Remdesivir given fast-track approval to treat Coronavirus


The U.K. approved using Gilead Sciences Inc.'s antiviral drug remdesivir for some patients hospitalized with Covid-19 after a study showed it can speed their recovery.

In the United Kingdom, the Recovery trial looking at using this drug in patients remains open, but another one, using it in frontline NHS staff to prevent rather than treat infections, has paused recruiting more volunteers. The majority of patients in either treatment arm were a grade 4 on the ordinal scale: receiving low-flow supplemental oxygen. In addition, more patients in the 10-day group required high-flow oxygen support. But the researchers noted the differences in mortality were not statistically significant.

About a week later, the Japanese government had also granted regulatory approval of remdesivir, which will be sold under the brand Veklury, as a treatment for covid-19 under an exceptional approval pathway. While the remidesivir group recovered in 11 days, people who were on placebo took 11 days to be cured.

There were serious adverse events in 114 (21.1%) of the patients in the remdesivir group and in 141 (27%) in the placebo group.

"There were 28 serious respiratory failure adverse events in the remdesivir group (5.2% of patients) and 42 in the placebo group (8.0% of patients)".

A drug due to be trialled on selected NHS patients could be the "biggest step forward in the treatment of coronavirus since the crisis began", the health secretary has said.

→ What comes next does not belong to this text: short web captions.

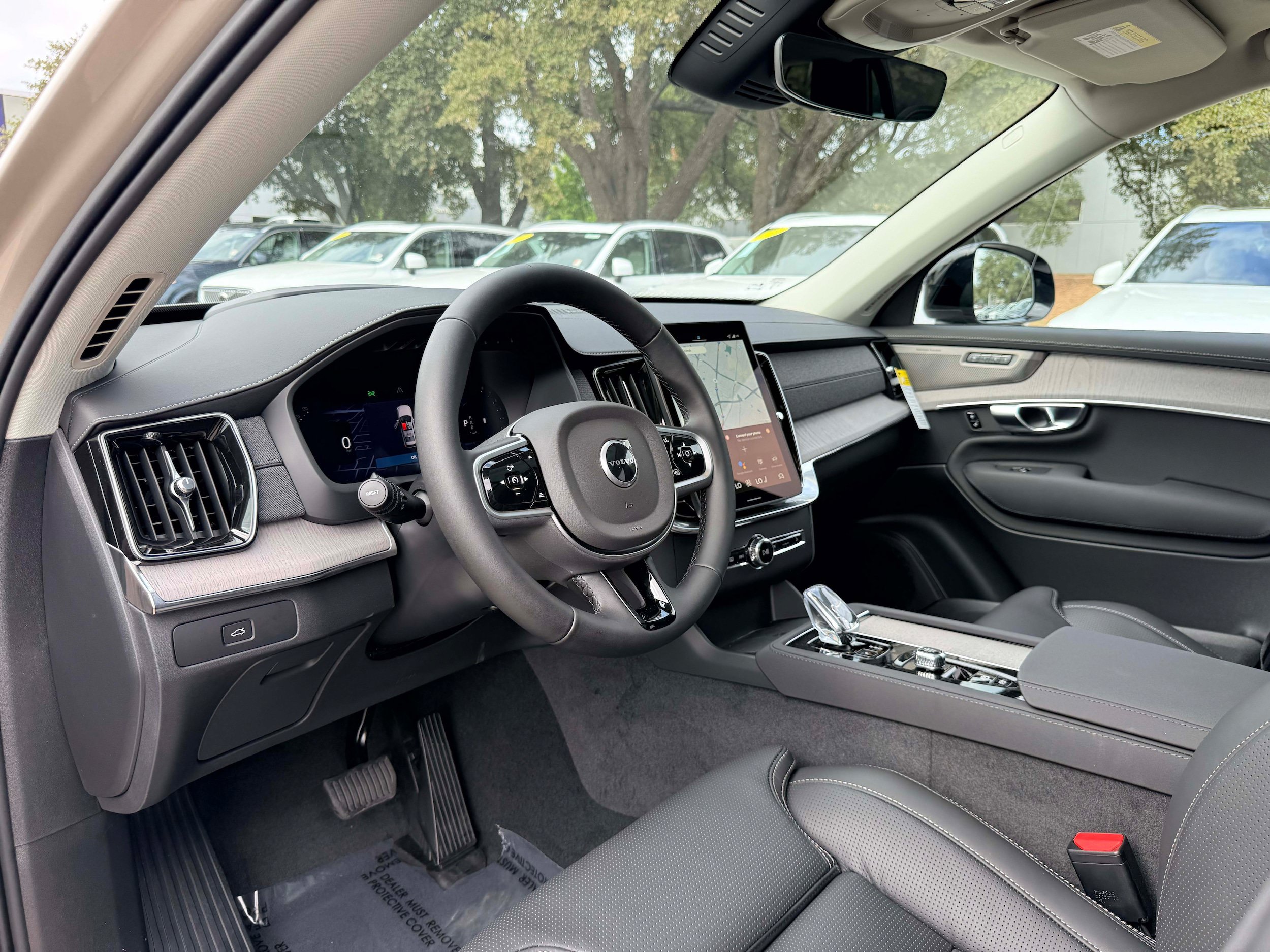 Used 2026 Volvo XC90 B6 Ultra AWD/4WD image 12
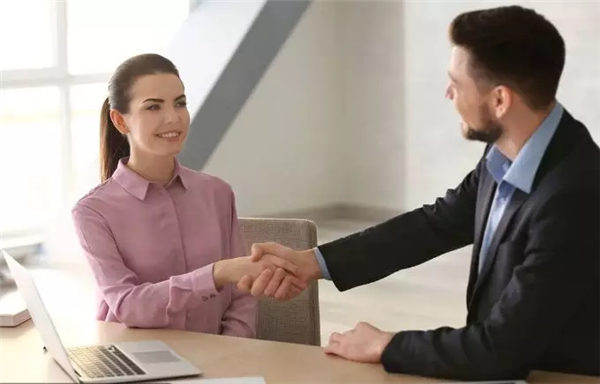企业核心竞争力的真正定义是为客户提供了独特的客户价值的团队执行能力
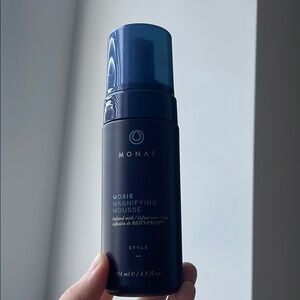Moxie magnifying mousse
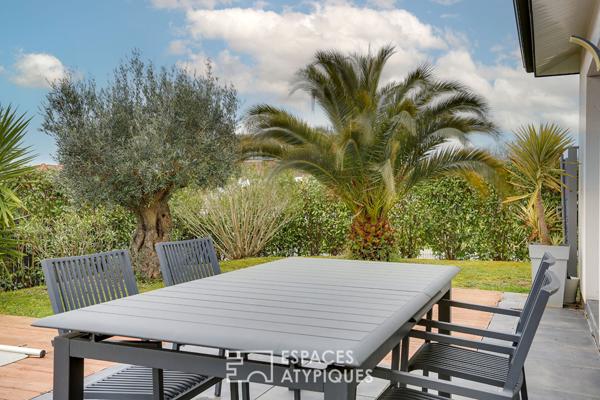 Villa contemporaine aux lignes épurées avec piscine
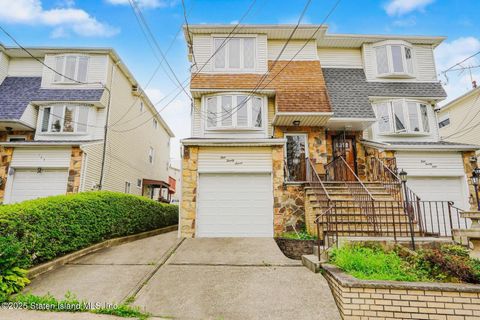 Single Family Residence in Staten Island NY 127 Keating Place.jpg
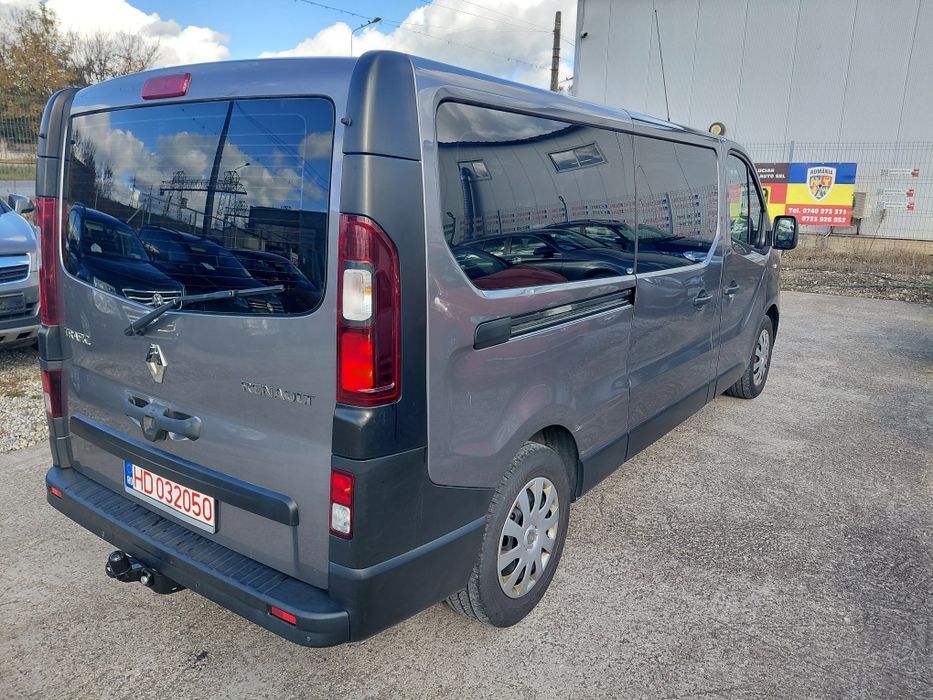 Rrnault Trafic 8+1 loc E6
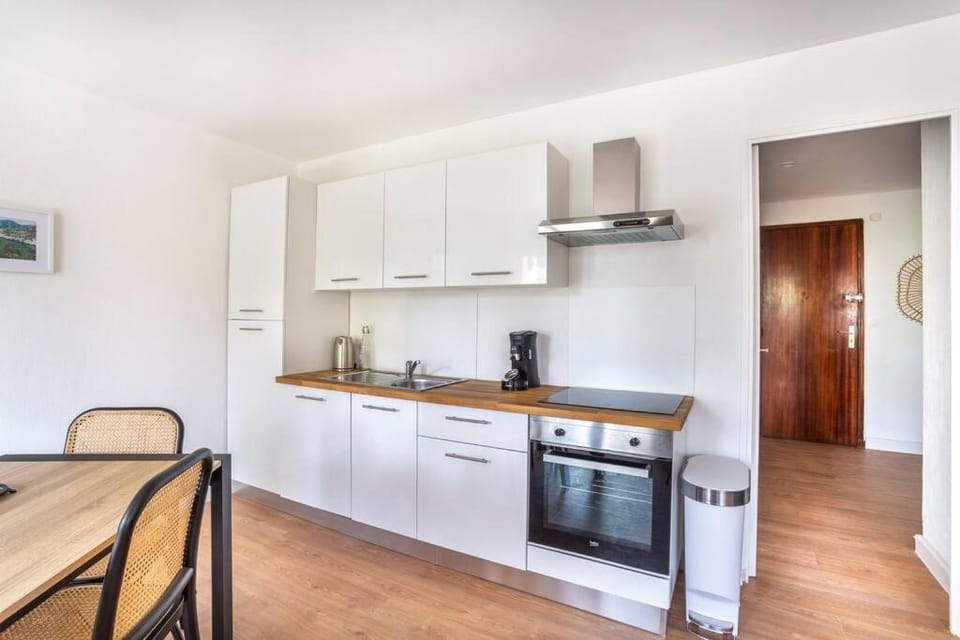 Kitchen or kitchenette, Dining area, dishwasher, minibar, oven, pet friendly, stove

Gilead Sciences Inc's antiviral drug is now undergoing large global clinical trials, including in the United Kingdom, and early data suggests it can cut recovery time by about four days.

Britain will provide the anti-viral drug remdesivir to certain COVID-19 patients that it is most likely to benefit as part of a collaboration with manufacturer Gilead Sciences, the health ministry said on Tuesday.

"Analysis of the relationship between remdesivir use and clinical status may also have implications for elucidation of the pathogenesis of SARS-CoV-2", they noted.

The study also suggested a survival benefit, with a 14-day mortality rate of 7 per cent for the group receiving remdesivir compared to almost 12 per cent for the placebo group.

"Further evaluation of this subgroup and of other high-risk groups, such as immunocompromised persons, is needed to determine the shortest effective duration of therapy", they concluded.